In [1]:
import pandas as pd
import numpy as np

train = pd.read_csv('/Users/bdlab/Desktop/sparse-matrix-multiplication/scenario-extraction/d-optimal/d-optimal-of-spmm/train-test-csv/1164-train-from-1293-spmm-over-3s-and-add-feature.csv')
test = pd.read_csv('/Users/bdlab/Desktop/sparse-matrix-multiplication/scenario-extraction/d-optimal/d-optimal-of-spmm/train-test-csv/129-test-from-1293-spmm-over-3s-and-add-feature.csv')

In [2]:
# Train + Valid
X_train = train[['lr','lc','rc','ld','rd','lnnz','rnnz','lr*lc','lc*rc','lr*rc','lr*lc*rc','ld*rd','lr*rc*ld*rd','lr*lc*rc*ld*rd']] 
y_train = train['bz_smsm']

# Test
X_test = test[['lr','lc','rc','ld','rd','lnnz','rnnz','lr*lc','lc*rc','lr*rc','lr*lc*rc','ld*rd','lr*rc*ld*rd','lr*lc*rc*ld*rd']] 
y_test = test['bz_smsm']

In [3]:
from sklearn.metrics import r2_score, mean_squared_error

# Metric
def mean_absolute_percentage_error(y_test, y_pred):
    y_test, y_pred = np.array(y_test), np.array(y_pred)
    return np.mean(np.abs((y_test - y_pred) / y_test)) * 100

def custom_scoring(real, pred):
    rmse = np.sqrt(mean_squared_error(real, pred))
    r2 = r2_score(real, pred)
    mape = mean_absolute_percentage_error(real, pred)
    return mape

In [4]:
import xgboost as xgb
from sklearn.model_selection import cross_val_score
from sklearn.model_selection import KFold
from sklearn.metrics import make_scorer

# 탐색 대상 함수 (XGBRegressor)
def XGB(
max_depth,
learning_rate, 
n_estimators, 
#min_child_weight, 
subsample,
_lambda,
#gamma ,
colsample_bytree, 
#_alpha,
silent=True, 
n_jobs=-1):
    
    # 모델 정의
    model = xgb.XGBRegressor( 
objective = 'reg:squarederror',
max_depth=int(max_depth),
learning_rate=learning_rate,
n_estimators=int(n_estimators),
#min_child_weight=min_child_weight,
subsample=subsample,
reg_lambda=_lambda,        
#gamma=gamma,
colsample_bytree=colsample_bytree, 
#reg_alpha=_alpha
n_jobs=n_jobs        
                              )
    
    # bayesian optimization을 통해 파라미터를 받아
    # Train을 Train + Validation으로 나눠 cross-validation 성능 확인
    kfold = KFold(n_splits=5, shuffle = True, random_state=0)

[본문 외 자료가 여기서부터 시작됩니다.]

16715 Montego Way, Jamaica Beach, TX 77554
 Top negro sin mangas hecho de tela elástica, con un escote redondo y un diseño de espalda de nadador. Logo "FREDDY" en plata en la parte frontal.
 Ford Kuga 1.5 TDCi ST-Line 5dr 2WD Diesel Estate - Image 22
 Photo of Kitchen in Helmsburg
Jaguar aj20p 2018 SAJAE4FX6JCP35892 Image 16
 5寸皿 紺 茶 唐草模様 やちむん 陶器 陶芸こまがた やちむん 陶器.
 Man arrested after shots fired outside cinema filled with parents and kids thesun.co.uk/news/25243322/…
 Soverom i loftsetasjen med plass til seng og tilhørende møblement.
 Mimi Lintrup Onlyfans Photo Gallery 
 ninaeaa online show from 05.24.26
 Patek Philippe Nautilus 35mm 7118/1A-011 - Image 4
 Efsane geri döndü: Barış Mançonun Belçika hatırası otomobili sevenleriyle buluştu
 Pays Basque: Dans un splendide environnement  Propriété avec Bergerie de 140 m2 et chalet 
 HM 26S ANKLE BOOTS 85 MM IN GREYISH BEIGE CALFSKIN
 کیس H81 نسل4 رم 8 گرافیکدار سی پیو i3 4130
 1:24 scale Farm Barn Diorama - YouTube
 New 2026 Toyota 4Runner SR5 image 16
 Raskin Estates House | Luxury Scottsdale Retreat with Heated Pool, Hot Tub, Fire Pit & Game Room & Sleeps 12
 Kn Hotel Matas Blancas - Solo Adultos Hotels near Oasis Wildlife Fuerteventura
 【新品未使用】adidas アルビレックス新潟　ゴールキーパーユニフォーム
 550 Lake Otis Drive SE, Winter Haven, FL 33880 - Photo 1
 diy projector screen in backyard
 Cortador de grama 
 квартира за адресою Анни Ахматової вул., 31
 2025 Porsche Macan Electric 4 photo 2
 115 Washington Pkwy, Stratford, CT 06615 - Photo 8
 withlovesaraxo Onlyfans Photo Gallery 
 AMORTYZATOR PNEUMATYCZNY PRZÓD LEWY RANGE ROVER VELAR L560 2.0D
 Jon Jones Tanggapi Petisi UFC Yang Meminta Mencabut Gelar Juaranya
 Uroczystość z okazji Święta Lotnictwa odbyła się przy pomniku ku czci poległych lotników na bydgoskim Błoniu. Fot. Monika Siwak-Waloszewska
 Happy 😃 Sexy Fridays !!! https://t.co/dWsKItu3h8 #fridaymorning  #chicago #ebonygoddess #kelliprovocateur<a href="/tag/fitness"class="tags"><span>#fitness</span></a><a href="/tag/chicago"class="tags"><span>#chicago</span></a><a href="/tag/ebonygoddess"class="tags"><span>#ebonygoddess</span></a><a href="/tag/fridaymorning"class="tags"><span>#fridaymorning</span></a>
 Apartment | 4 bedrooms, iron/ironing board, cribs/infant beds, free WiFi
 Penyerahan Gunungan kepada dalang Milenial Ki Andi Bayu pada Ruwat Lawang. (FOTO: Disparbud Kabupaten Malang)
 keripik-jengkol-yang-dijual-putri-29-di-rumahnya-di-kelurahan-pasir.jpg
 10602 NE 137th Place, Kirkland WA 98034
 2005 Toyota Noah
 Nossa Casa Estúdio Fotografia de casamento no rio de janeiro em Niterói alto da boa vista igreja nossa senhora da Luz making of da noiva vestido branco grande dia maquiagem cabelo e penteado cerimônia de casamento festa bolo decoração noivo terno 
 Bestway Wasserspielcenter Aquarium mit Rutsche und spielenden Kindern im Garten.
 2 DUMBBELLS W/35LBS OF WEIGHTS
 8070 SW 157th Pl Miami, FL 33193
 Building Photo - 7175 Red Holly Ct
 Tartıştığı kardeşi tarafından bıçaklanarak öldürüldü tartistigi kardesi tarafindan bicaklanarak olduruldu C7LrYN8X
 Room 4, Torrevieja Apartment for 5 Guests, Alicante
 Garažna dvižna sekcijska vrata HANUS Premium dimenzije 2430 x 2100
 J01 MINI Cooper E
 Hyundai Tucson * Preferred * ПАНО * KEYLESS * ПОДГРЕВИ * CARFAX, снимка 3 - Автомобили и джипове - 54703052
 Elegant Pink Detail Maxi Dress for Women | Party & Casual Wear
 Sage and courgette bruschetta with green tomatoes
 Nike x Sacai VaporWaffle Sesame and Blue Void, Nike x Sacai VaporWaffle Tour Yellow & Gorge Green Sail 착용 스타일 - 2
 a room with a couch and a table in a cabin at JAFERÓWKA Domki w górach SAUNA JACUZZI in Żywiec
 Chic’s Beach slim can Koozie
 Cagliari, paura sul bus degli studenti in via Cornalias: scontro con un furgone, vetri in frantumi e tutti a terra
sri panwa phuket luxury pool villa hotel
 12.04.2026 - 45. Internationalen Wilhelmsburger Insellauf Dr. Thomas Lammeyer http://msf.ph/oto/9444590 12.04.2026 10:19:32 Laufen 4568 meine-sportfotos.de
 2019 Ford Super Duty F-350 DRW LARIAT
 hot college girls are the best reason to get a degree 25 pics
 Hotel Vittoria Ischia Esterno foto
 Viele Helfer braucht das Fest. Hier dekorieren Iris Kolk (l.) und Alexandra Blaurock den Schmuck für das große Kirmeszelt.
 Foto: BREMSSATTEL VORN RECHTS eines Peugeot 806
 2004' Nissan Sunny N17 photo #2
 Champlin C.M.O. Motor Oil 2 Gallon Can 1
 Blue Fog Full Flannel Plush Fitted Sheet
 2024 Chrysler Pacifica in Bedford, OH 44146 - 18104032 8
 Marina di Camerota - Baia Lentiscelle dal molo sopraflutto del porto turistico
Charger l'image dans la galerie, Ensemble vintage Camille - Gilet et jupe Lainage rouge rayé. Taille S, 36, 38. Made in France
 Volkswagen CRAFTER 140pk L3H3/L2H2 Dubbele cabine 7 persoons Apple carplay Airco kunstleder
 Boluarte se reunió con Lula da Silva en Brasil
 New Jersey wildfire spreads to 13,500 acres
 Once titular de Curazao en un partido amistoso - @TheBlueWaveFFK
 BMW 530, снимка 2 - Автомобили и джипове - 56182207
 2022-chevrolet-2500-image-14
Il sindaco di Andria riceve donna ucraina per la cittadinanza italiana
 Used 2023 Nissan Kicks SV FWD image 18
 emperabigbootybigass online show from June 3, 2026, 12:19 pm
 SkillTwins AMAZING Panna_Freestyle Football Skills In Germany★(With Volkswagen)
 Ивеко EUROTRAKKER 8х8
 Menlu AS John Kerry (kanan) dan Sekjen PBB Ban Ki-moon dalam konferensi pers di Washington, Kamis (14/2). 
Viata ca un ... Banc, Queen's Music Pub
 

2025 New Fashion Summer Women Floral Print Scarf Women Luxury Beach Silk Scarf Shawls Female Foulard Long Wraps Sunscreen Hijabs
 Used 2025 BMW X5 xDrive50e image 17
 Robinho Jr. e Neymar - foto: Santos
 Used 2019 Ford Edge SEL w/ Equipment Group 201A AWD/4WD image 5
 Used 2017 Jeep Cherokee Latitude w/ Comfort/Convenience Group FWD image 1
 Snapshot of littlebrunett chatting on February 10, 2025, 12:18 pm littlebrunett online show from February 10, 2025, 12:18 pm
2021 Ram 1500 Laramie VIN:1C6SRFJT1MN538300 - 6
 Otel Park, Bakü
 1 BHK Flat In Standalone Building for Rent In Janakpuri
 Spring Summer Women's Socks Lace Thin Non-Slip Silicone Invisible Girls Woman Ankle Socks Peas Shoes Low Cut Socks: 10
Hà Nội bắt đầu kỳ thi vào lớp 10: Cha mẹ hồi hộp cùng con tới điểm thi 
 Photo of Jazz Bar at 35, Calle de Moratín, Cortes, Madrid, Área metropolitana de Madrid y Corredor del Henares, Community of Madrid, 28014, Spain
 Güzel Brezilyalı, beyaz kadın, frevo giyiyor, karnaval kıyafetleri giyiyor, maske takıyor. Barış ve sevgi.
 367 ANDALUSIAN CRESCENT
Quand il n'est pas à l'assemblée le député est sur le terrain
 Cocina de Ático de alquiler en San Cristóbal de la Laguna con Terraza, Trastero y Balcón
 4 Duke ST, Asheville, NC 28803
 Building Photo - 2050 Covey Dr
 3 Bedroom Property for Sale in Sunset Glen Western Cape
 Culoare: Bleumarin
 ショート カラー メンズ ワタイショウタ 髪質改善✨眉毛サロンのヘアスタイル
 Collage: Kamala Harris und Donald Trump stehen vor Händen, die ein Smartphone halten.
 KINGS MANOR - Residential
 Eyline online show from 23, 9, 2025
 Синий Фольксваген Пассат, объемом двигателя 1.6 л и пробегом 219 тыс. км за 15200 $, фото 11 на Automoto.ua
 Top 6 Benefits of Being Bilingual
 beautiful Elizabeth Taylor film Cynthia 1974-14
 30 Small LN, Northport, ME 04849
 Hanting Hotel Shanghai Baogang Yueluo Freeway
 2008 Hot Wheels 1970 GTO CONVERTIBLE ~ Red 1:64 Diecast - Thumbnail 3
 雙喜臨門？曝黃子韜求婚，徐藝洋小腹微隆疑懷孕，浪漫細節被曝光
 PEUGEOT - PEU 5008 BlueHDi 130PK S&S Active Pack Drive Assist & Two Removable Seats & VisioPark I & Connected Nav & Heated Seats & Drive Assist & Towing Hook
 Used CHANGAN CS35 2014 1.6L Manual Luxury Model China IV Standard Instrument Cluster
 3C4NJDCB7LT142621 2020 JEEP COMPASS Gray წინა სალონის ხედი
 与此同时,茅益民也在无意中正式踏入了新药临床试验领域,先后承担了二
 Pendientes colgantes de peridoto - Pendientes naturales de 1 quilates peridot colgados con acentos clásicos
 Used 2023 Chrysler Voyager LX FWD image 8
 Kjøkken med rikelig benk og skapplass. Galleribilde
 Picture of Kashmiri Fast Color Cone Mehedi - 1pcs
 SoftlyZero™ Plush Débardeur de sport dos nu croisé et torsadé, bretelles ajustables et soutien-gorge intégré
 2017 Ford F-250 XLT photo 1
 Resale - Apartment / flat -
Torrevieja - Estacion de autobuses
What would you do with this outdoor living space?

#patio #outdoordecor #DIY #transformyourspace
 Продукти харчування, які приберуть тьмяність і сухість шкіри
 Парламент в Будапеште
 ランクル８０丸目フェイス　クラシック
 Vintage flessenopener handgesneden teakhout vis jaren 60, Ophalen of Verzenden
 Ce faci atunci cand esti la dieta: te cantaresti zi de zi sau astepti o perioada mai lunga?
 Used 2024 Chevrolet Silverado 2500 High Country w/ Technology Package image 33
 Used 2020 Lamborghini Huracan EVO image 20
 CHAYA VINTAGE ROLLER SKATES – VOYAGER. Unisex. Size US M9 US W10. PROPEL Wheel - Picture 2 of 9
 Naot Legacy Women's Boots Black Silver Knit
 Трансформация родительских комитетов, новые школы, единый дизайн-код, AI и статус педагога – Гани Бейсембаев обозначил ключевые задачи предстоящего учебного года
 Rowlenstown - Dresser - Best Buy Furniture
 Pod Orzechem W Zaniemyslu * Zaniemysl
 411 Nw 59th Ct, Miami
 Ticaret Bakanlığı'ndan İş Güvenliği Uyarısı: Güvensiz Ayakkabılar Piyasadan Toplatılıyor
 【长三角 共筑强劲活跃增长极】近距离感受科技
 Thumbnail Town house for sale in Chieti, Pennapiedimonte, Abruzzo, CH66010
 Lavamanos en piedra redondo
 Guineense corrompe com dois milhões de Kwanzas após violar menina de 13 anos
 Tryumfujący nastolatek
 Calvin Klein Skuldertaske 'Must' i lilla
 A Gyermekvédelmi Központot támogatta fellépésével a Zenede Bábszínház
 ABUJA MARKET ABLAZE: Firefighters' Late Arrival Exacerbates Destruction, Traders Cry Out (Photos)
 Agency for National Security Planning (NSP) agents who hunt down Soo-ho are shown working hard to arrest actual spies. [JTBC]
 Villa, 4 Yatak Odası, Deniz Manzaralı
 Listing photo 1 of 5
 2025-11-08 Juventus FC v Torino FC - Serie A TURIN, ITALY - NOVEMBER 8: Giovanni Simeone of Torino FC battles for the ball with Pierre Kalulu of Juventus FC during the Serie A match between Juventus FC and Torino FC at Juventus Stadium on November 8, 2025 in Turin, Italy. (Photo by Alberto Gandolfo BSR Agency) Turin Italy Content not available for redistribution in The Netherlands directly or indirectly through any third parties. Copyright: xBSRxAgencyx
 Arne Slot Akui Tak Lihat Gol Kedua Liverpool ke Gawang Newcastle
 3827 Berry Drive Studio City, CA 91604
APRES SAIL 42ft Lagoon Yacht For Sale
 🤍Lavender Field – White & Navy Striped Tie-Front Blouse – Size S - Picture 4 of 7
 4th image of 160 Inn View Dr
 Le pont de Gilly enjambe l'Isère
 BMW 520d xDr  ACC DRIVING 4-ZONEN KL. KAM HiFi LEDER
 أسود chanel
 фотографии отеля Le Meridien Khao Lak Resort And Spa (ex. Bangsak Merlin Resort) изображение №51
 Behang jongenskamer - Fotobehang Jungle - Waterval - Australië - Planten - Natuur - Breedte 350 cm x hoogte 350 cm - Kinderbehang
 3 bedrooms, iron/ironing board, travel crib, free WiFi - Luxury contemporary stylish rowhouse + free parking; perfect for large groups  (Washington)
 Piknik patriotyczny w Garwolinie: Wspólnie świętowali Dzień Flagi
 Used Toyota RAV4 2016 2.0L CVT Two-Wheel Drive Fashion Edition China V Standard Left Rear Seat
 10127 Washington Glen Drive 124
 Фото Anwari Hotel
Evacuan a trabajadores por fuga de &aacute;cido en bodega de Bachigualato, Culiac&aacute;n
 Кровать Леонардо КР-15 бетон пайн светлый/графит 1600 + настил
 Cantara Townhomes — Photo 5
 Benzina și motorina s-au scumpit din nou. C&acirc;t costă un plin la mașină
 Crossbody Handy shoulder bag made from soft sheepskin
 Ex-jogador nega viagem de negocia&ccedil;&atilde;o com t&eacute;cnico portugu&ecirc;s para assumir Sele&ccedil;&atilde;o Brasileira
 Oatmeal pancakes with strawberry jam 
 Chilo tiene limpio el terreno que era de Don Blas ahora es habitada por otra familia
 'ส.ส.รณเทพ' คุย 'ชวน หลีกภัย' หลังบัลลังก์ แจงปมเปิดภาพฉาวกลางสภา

    # cross-validation 평균 성능 성능 확인
    score = cross_val_score(model,
                            X_train, 
                            y_train, 
                            cv=kfold,
                            scoring=make_scorer(custom_scoring,greater_is_better=False),
                            n_jobs=-1
                           ).mean()
    
    return score

In [5]:
from bayes_opt import BayesianOptimization

# 하이퍼파라미터 정의
pbounds = {
'max_depth': (15, 23), 
'learning_rate': (0.01, 0.3),
'n_estimators': (50, 150),
#'min_child_weight': (0.1, 1),
'subsample': (0.5, 1), 
'_lambda' : (0.1,1),    
#'gamma': (0, 0.3),     
'colsample_bytree' :(0.5, 1)
#'_alpha' : (0,1)           
                      }

# Bayesian optimization 객체 생성
bo=BayesianOptimization(f=XGB, pbounds=pbounds, verbose=2, random_state=1 )    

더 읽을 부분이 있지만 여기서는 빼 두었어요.